Chances are, you already have a routine deeply engrained in your mind.
That’s what your mind likes to do.
It normalizes repetitive situations, and your life is probably more repetitive than you’d like to admit (mine sure is).
The more you do something, the more habitual it becomes, and the less you need to put effort into maintaining that system.
This is a double edged sword.
Why?
Because your actions create your future, and if those actions are on autopilot, and you didn’t set the destination, that’s a recipe for disaster. One day, you’ll finally wake up and feel disgusted because even when you lived in your body, you felt out of control of it.
For most people, you can simply observe society and see that their routines aren’t leading anywhere good.
They wake up, grab their phone, immediately project into the stressful tasks for the day, stay in bed as long as possible in hopes that something will change until they’re forced to get up because their survival is dependent on the paycheck those tasks bring in.
Then, they get to work, at home or remote. They don’t have a deep care for the work they’re doing or who they work for, so they don’t care if they do the bare minimum to receive said paycheck. Since they do the bare minimum, their terrible diet and lifestyle habits aren’t seen as problems because their performance toward a meaningful goal doesn’t take a hit. Their goals don’t demand them at their best, and they shy away from ones that do.
Then, they get home, exhausted and ready to “shut off” for the day. But when they think about it, they didn’t do anything that would make them tired. In fact, it was a pretty lazy day. That’s what’s funny about energy: it is generated from effort. A low energy lifestyle stems from a low action lifestyle.
They say hi to their husband or wife. No effort there either. Each start to grow resentful of the lack of zest and intimacy in the relationship. Divorce is on the horizon.
The thing about systems is that if you don’t put energy into them, they start to fall apart. They decline into chaos. This is known as entropy.
Most people don’t create a routine, they are assigned one, and since they don’t care about the outcome of that routine, they fail to put effort into it, and the entirety of their life slowly, then all at once, plunges into the gutter.

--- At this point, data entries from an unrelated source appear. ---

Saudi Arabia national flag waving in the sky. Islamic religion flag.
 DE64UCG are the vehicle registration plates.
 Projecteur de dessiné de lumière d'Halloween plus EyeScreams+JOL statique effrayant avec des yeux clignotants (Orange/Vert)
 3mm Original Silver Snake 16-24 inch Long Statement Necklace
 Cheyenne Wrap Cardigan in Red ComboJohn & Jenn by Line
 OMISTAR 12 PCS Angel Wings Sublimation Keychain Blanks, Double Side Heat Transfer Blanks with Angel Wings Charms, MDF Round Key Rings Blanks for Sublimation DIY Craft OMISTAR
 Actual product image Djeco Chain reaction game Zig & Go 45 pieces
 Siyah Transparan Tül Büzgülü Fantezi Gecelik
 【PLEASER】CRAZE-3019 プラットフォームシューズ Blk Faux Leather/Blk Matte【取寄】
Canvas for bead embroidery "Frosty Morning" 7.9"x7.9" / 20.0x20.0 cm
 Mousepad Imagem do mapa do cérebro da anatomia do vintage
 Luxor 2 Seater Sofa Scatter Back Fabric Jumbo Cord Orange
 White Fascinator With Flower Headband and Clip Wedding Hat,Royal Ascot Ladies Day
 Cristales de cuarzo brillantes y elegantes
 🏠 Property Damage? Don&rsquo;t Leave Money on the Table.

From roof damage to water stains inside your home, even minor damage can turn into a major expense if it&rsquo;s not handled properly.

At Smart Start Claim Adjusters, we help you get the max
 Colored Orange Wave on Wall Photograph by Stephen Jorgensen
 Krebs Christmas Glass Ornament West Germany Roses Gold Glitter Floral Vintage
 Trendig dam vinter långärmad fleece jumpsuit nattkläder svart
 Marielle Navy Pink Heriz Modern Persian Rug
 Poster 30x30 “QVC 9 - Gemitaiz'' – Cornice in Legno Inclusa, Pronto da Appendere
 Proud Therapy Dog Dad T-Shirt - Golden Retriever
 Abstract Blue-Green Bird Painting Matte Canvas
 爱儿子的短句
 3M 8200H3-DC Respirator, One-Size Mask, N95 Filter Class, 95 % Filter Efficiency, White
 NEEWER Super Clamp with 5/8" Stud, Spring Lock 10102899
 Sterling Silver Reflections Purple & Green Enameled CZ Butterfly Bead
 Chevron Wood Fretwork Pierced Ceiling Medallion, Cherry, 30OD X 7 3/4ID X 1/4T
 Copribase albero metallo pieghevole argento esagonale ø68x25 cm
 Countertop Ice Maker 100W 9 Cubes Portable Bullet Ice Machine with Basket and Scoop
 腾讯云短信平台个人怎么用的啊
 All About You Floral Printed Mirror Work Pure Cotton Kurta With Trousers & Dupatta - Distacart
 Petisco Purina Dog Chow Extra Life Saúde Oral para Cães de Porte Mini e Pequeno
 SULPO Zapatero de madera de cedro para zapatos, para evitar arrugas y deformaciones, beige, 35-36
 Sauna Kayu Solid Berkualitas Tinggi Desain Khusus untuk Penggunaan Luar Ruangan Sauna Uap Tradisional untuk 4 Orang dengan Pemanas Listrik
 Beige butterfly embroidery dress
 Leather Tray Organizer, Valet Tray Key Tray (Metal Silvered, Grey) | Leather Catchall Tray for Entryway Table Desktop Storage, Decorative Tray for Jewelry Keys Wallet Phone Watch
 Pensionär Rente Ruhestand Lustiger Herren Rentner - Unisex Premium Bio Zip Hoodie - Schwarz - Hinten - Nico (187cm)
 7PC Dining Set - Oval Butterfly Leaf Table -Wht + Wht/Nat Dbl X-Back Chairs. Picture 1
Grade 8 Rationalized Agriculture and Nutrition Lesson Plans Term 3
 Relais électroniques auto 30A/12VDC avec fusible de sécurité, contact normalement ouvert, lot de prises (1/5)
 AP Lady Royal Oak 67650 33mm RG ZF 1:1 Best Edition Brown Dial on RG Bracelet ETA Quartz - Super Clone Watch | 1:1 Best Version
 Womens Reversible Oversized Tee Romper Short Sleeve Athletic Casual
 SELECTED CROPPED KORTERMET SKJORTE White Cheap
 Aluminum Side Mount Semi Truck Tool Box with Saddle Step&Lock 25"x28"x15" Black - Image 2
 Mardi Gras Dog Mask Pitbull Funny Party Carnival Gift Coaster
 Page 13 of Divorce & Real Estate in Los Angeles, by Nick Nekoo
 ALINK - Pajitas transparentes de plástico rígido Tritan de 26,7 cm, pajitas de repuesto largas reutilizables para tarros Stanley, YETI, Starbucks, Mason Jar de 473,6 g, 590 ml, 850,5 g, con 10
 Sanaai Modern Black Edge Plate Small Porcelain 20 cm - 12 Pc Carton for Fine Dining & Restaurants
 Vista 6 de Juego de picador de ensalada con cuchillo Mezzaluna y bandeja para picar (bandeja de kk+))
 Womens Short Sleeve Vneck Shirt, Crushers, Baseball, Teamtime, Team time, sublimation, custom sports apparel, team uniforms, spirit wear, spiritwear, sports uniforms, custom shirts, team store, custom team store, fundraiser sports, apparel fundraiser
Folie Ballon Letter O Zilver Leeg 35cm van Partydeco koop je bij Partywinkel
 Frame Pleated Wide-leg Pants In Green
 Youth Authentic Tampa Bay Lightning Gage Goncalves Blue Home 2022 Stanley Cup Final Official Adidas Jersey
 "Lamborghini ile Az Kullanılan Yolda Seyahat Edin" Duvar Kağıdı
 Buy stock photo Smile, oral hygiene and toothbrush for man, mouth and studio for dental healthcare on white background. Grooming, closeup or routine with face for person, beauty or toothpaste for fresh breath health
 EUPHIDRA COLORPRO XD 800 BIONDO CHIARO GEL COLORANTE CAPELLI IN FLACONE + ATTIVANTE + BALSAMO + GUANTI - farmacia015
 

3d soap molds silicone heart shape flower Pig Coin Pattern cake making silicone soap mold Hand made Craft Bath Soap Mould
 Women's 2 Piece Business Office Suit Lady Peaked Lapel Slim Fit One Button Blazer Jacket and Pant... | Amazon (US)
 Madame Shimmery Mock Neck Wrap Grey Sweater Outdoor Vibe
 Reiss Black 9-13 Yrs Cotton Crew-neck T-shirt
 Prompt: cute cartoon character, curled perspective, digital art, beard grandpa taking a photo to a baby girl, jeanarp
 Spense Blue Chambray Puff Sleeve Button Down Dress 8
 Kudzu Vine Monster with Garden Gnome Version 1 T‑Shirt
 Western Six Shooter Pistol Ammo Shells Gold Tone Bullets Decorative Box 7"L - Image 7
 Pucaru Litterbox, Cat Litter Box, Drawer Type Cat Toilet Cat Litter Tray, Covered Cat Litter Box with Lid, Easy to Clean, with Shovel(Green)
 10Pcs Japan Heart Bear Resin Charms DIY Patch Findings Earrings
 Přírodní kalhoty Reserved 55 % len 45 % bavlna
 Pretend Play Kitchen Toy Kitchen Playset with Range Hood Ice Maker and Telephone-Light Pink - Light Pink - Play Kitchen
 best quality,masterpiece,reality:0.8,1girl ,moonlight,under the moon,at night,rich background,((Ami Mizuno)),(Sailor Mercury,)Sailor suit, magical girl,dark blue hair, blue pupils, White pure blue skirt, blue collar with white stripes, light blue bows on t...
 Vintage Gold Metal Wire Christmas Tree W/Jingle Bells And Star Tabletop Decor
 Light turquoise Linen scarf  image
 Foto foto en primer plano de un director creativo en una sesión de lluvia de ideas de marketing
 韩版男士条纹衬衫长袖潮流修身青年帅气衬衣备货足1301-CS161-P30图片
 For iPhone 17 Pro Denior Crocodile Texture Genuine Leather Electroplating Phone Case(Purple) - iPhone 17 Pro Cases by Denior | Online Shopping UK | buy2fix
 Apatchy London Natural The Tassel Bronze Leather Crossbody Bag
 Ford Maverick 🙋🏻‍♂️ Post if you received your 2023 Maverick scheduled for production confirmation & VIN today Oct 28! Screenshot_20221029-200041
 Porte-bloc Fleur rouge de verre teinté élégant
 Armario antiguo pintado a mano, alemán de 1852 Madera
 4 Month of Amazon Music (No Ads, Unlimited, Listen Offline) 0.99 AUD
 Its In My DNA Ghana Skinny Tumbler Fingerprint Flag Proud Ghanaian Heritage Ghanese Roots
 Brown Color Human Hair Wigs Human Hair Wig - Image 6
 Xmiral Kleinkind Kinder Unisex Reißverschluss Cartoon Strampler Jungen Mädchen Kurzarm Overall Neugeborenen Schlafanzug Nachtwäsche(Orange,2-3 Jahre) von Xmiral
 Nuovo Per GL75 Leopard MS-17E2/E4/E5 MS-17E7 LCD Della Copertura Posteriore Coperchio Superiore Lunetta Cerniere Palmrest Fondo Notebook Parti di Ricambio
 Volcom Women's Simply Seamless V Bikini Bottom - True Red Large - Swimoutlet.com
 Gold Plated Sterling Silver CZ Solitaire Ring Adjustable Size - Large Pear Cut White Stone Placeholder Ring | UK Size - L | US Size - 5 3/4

On the other end of the spectrum, routines free up mental space to be creative. That’s the secret of most successful people. They create routines that:
- Move the needle toward their ideal future
- Reduce the cognitive load of repetitive tasks
- Allow their mind enough breathing room to think outside of their survival needs (and toward their actualization needs)
But most people don’t see that creative potential because they are living in the past or future. Worried about the work or arguments they’re going to have. Since they’re in this perpetual state of stress and worry, their mind is narrow, and they numb that pain with quick pleasures.
That’s the massive problem here.
It’s not just about your work or money, it’s about each domain of your life.
Your mind, body, and money. Relationships are implied with those.
Your lazy morning impacts your work, your work impacts your will to maintain your health, those both spill over into your relationships, and since there are so many problems circulating in your mind, you can’t see an opportunity to change.
The solution is incredibly simple.
There is only one way out.
You need to carve out an intentional block of time for that one thing that will make the most progress toward your ideal future.
You Need 3 Habits
“I don’t have time.”
“I’m tired at night.”
“I’m not a morning person.”
Listen to yourself.
Acting as if your current feelings matter more than tomorrow’s reality.
And yes, not having time is a feeling.
You feel busy. But you aren’t. Because if you were to write down on paper what you do at every second of the day for the next week, I guarantee you would realize that you are lying to yourself.
The solution to most of your problems is to start solving one.
You need to knock over the lead domino that cascades into all areas of your life.
For most people, this is fixing their money problems so they can take control of the rest of their day.
Block off 1 hour in the morning.
I don’t care if you aren’t a morning person.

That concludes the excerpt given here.